The thorny tree has many branches and it produces fruits all year round.
The pomelo fruit is the largest of all citrus fruits. Its outer skin is rough and easy to peel.
It is light green to yellow in colour and dotted with oil glands.
The fruit is either round or oblong with white thick spongy pith that encloses the edible portion of the fruit.
A pomelo fruit grows throughout Southeast Asia and many islands of the South Pacific.
Commercial exportation and trade has led to the fruit’s widespread availability around the world, and orchards in warmer climates from Florida to Australia can be found growing it; nevertheless, it remains most popular in Asian cultures and cuisines.
Pomelo has a high content of potassium, which like vitamin C plays an important role in supporting the heart. This essential mineral regulates blood pressure levels.
Abundant in pectin, pomelo juice clears the arterial deposits accumulated in the body, thereby reducing the impurities and benefiting people with hypertension.
Pomelo also reduces the cholesterol count in the body and promotes good cholesterol.
Urinary tract infection is a bacterial infection that affects the urinary system that creates stores and removes urine.
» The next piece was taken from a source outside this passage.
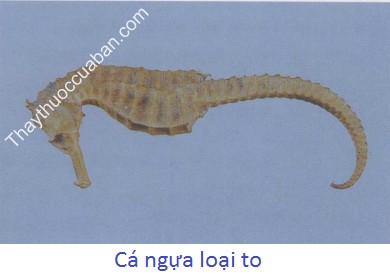 Hình ảnh vị thuốc cá ngựa to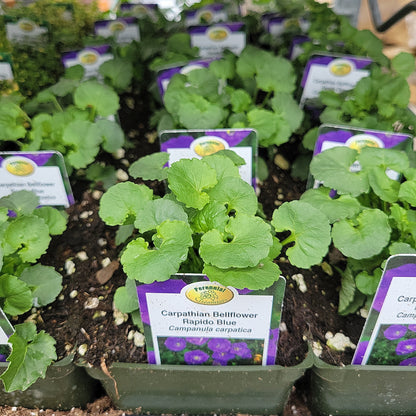 4" Bellflower 'Campanula'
The vitamin C present in pomelo increases the acid level in urine and shirks the development of bacteria in the urinary tract.
The skin of the fruit is very rich in bioflavonoids. This property is helpful in reducing pancreatic, intestinal and breast cancer. In fact, it stops cancerous cells from spreading.
Finally, Pomelo is also packed with fiber, a must-have nutrient to help maintain regular bowel movements and prevent constipation and even aid in weight loss.